Revisiting Hubert Selby, Jr.
This past week, I have been thinking about the American writer Hubert Selby, Jr. (1928 -- 2004). I had read Selby's novel "Last Exit to Brooklyn" years ago and posted a review here on Alibris. I had also seen the film of Selby's book when it came out in 1989. In thinking about Selby again, I watched a video documentary "It//ll Be Better Tomorrow", from 2005, the year after his death. Then, I watched this film of Selby's other famous book, "Requiem for a Dream". Selby's novel was written in 1978, while the film version dates from 2000. The film has become famous. Selby co-wrote the screenplay with Daniel Aronofsky who also directed the film.
This is a sad film set in Brighton Beach, Brooklyn, that explores the impact of drug addiction on four people. There are three young people: Harry Goldfarb (Jared Leto), his friend Tyrone Love (Marion Wayans), and his love, (Marion Silver). The fourth person is Harry's mother, the widowed Sara Goldfarb, in a moving performance by Ellen Burstyn, who received an Academy Award best-actress nomination. The film features an outstanding, dramatic musical score. It also features rapid-fire shifting between scenes and surrealistic interludes showing drug use and various drug-induced hallucinations. There are outstanding scenes of Brooklyn streets together with graphic depictions of drug use.
Each of the four characters has a dream and each dream is dashed due to drugs. The three young people are recent high school graduates with their dreams of love and financial success struggling to make their way with drugs. The film shows their inexorable dooms from addiction. Sara Goldfarb has led a lonely life since the death of her husband and worries about her wayward son. She is a "t.v. junkie" until she receives an apparent opportunity to be on a game show. She becomes addicted to pills in an attempt to lose weight. Her story is juxtaposed with that of the three younger people.

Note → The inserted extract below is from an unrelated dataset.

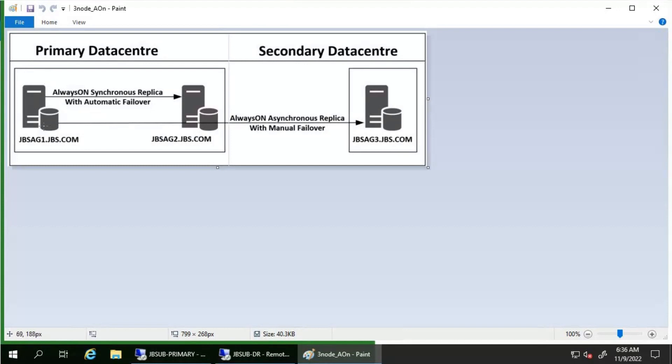Later, when the server instance hosting the former primary replica restarts or comes online, it recognizes that JBS-AG2 now owns the primary role. The former primary replica JBS-AG1 transitions to the secondary role and its databases become secondary databases. The new secondary replica JBS-AG1 connects to the current primary replica and catches its databases up to the current primary database as quickly as possible. As soon as JBS-AG1 has re-synchronized its databases, failover is again possible in the reverse direction — from JBS-AG2 to JBS-AG1.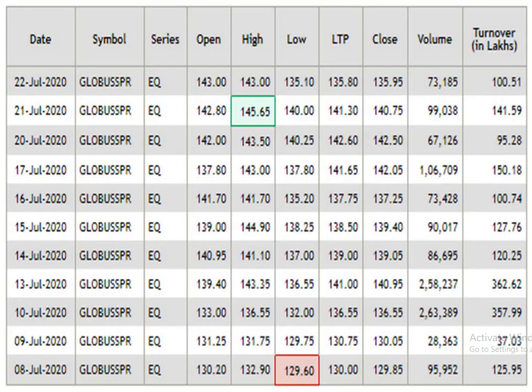This is the 15 days data analysis. According to this, 145.65 acts as resistance and support level is 129.60. The traded volume is so-so.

"Requiem for a dream" is a raw, uncompromising film which reminded me of my much earlier reading and viewing of "Last Exit to Brooklyn." The documentary of Selby that I watched "It/ll be better tomorrow" had insights into the movie. It featured interviews with Burstyn, Aronofsky, and with Selby himself. They all stated that the film was not merely about drug addiction. Instead, the film is about human dreams and their frailty and the need for love. The characters, their backgrounds, and the materialistic, limited character of their dreams get explored in the film. The film suggests the need for meaning, love, and hope to overcome despair and loneliness.
Selby is an under-appreciated American writer, and I was glad to think about him again. I hope to read the book on which this film is based. The movie is shocking with a lurid, sad beauty.